Information flow is the best bridge we have between Relativity and Quantum Mechanics. In Relativity it's all about light cones and light clocks, in QM it's about when systems are isolated and when state information propagates from it.

I think I understand your unease. What you need is a physicists picture of continuous symmetries under transformation, which by Noether's theorem are conservation laws.

When a particle collision happens, whichever restframe you pick the total momentum is conserved in the system as a whole, above the very short timescales of the uncertainty principle. If an uncertain interaction like say a three-body interaction happens in a black box that will magnify the uncertainties (eg The three-body problem shows us why we can’t accurately calculate the past, where uncertainties below the Planck scale matter), even so we know the total momentum of the system will be maintained. Uncertainty, doesn't mean no knowledge. An interesting point is that angular momentum is also relative like this, so when it's given we implicitly rely on a general restframe for the universe, but the universe as a whole could be spinning by any amount, and it would be unverifiable, unmeasurable.

Consider a particle-antiparticle pair. We can think of space as a sea of low-excitation pairs. When energy is added to a virtual pair, like say a gamma ray, you get a real pair, and the total quantum numbers of the massless chargeless photon are maintained, by the pair. But once they move apart, there isn't uncertainty like there was for the virtual pair, charge will be conserved even though it 'appeared from nowhere'. Feynman Diagrams can help us picture the virtual particle sea, with particle interactions shaped by all the possible things that could happen, but with probabilities and so impacts on the system observables, scaled down with the number of vertexes or crossing points of particle paths in the diagram.

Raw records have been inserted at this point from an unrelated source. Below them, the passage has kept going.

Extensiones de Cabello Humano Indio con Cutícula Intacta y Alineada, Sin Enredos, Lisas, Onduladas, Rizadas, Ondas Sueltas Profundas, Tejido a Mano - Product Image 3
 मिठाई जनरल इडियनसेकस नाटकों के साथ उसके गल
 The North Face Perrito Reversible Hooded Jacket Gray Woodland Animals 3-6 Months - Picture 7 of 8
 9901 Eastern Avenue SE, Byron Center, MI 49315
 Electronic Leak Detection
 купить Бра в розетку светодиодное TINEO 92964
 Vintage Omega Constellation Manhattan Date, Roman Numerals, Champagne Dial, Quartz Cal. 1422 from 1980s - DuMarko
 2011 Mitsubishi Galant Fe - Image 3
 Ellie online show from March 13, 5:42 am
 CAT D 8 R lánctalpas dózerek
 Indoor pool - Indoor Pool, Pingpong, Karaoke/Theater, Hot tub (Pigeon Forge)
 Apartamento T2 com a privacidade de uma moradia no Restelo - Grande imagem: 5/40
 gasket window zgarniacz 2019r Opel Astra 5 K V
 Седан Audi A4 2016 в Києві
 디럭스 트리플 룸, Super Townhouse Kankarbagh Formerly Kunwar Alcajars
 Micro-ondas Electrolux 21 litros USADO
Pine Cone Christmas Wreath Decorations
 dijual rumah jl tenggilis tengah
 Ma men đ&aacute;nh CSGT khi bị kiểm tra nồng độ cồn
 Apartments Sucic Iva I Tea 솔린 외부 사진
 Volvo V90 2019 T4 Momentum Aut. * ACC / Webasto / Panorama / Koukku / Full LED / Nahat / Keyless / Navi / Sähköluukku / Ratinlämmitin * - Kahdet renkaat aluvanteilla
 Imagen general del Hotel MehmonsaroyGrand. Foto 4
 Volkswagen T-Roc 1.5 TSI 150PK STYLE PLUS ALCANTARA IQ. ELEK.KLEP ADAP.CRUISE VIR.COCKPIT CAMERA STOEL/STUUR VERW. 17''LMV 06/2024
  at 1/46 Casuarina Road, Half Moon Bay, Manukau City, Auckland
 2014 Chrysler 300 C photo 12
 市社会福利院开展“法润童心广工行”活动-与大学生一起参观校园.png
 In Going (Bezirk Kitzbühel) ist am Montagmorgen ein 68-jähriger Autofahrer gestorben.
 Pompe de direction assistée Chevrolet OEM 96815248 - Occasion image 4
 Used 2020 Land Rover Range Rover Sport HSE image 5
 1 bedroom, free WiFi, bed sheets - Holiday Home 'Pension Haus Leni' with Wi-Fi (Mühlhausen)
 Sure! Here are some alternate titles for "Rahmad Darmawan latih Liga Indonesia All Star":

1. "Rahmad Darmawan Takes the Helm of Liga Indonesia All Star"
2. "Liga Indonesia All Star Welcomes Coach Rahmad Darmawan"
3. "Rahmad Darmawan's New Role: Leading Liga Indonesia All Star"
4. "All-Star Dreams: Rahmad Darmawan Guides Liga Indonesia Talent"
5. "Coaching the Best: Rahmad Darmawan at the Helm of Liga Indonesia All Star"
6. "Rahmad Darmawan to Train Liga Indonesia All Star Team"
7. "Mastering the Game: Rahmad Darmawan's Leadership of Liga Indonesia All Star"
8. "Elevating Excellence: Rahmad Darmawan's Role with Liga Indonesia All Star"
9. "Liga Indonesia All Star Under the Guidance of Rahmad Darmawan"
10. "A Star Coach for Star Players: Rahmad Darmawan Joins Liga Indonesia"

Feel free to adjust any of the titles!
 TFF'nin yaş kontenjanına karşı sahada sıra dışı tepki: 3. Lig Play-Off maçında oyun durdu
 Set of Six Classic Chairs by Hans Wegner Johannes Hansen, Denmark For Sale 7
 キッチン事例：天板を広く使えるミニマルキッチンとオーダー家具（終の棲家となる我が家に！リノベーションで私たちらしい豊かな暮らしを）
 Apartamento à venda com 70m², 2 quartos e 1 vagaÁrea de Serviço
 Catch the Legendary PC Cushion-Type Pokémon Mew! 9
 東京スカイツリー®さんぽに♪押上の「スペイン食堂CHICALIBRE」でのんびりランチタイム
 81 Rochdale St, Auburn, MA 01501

So, saying all the properties are relational isn't like a kind of 'total subjectivity', where anything could be anything. There are waves of information bouncing around, limited by the speed of light (except entangled information, ER = EPR, but this can't be used to transmit FTL signals, I think of it as like spinning a coin and cutting it in half while it's still spinning, like the particle pair you know what is conserved), and paused fuzzily in isolated systems - entropy and the second law of thermodynamics can be described as state information's tendency to spread out, see the purification principle.

We can picture the whole universe as arising from uncertainty alone, with net properties of charge and mass of zero, but a series of divisions and separations that have emergent symmetries, like even space and time themselves emerging from a fuzzy soup of uncertainty (the quantum spin network).

More on the limits of causal narratives vs symmetries & conservation laws here: Is the idea of a causal chain physical (or even scientific)?

Answer 4

If an electron doesn’t interact with other particles, it will disperse over space. It's position will get more and more uncertain, while its velocity will show less and less variation. Can we say the electron still exists? It will become an extended ghost-like entity, desperately seeking for interaction over larger and larger parts of space. With increasing efficiency. Will it find a positron to happily annihilate it, in a bright flash of love? Will it encounter a tau to hate, push and run away from? Without interactions and relations, there is no meaning to existence.